1954 – Historical Report – USAF Historical Division



641st AC&W Squadron


1 October 1954 to 31 December 1954





641st Aircraft Control and Warning Squadron
APO 677, New York, New York

17 January 1955


Subject: Report of Historical Program (RCS: AU-D5) (64-1)

To: Commander
64th Air Division
ATTN: Director of Statistical Services
Pepperrell Air Force Base

During the period from 1 October 1954 to 31 December 1954, the following prominent events occurred at the 641st ACWRON, Goose Bay, Labrador, for the betterment of mission capability.

The month of October 1954 proved to be a very active one for this squadron.
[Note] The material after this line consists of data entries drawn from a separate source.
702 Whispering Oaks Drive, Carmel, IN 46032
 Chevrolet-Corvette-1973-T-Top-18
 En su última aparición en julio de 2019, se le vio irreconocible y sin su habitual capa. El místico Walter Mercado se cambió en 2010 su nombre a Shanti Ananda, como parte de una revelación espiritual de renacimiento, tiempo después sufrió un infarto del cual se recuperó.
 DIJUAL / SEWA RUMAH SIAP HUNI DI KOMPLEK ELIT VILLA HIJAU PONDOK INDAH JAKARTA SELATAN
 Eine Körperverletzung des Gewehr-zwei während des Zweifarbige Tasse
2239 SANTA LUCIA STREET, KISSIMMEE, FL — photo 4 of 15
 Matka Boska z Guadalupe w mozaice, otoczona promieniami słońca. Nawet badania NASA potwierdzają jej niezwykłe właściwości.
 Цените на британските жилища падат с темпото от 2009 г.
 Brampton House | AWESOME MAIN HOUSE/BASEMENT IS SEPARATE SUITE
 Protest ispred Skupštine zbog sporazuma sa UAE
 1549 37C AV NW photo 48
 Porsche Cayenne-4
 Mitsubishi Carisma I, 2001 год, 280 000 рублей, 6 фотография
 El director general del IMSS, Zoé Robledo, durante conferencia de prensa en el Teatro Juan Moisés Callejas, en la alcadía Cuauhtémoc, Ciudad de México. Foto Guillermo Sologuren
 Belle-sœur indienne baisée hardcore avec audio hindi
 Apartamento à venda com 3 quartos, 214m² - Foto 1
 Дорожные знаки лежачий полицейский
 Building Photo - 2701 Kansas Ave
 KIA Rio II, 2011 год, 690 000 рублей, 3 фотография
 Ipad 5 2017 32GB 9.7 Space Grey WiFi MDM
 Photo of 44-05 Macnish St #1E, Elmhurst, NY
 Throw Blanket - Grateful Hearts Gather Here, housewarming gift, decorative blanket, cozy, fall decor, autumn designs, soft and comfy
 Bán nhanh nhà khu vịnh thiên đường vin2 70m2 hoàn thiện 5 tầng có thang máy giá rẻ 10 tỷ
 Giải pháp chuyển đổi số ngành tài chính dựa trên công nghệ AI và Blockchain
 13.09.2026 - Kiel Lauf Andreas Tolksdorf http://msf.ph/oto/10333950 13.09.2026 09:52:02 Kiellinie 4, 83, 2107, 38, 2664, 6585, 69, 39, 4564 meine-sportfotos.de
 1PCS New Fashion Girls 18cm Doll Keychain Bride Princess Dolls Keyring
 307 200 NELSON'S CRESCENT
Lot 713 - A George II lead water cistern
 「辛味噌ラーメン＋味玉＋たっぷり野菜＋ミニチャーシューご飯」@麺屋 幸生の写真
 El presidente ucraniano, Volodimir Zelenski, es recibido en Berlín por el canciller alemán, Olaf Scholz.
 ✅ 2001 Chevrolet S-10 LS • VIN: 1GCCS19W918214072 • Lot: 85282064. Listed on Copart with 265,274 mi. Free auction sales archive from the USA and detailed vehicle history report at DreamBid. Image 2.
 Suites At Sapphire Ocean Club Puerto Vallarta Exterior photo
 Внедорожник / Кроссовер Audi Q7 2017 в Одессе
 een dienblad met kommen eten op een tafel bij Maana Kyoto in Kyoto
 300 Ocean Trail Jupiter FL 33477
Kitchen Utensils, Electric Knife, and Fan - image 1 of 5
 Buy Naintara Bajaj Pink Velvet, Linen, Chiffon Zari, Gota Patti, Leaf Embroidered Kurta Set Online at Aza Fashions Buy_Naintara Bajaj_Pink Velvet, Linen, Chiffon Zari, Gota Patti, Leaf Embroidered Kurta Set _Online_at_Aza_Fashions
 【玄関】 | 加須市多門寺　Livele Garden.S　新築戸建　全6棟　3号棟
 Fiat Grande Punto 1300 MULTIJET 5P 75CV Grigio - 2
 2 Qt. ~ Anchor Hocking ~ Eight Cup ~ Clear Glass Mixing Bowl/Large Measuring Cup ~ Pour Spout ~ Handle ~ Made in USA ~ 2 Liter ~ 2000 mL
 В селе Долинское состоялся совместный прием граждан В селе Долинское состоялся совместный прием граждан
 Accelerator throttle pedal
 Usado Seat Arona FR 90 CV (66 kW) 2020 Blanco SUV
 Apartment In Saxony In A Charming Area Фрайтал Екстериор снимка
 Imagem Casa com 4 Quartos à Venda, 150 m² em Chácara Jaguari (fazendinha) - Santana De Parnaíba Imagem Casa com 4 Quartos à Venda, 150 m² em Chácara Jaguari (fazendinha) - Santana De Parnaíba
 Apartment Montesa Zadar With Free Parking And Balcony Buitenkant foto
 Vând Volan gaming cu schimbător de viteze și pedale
  1. The Operations Section initiated a new procedure in the Operations Room. All incoming and outgoing messages are logged by date time group in a special file folder kept on the Senior Director’s dais. The file folder contains all messages for seven days, after which time they are removed, and a new seven day cycle begins. This system facilitates easy reference to all weekly messages. Another new filing system was also introduced. The 64E4 Communications and Electronics (C&E) Reports and COC Tactical and Surveillance forms are maintained for a three month period in a small filing cabinet located on the Senior Director’s dais. Here again, the main advantage is prompt and easy accessibility. Surveillance Timers were installed at the four (4) surveillance scopes and three Controller scopes, and are operational. A small red light appears above each scope at alternate times, indicating when initial plots and moves may be called to the plotter. This eliminates much confusion during periods of heavy traffic when more than one scope operator tries to call in at the same time. This device has a further use in determining ground speed and in dead reckoning, which is especially helpful to the Controller. A C&E status reporting change took place during October. In conjunction with this change, a new special message form was reproduced for further use. At this time, the AAA liaison started working with this Direction Center for a training period. An AAA illuminated status indicator was made and installed directly over the Height Tote Board in the Operations Room. Thirteen (13) Operations men were gained in October TDY status, and sixteen (16) were lost in rotation. Due to the critical shortage of personnel, the Operations Section continued its three shift, seven days per week schedule with no days off.
  2. The Radar Maintenance Section completed and satisfactorily tested an emergency power system for the radome blowers. Now, in the event of a total power failure, the radome can be kept inflated by power from an auxiliary Buda diesel. The radome heating lamp banks were installed during this time. This work was accomplished by both Contractor and Air Force personnel. Their use immediately proved satisfactory in the removal of an early snow fall in the fall.
  3. Steel bins were erected in the tower for the storage of the spare units. Previously, wooden racks had been constructed and used. The employment of the steel bins affords a greater protection for the units, and the overall appearance of the tower is also improved.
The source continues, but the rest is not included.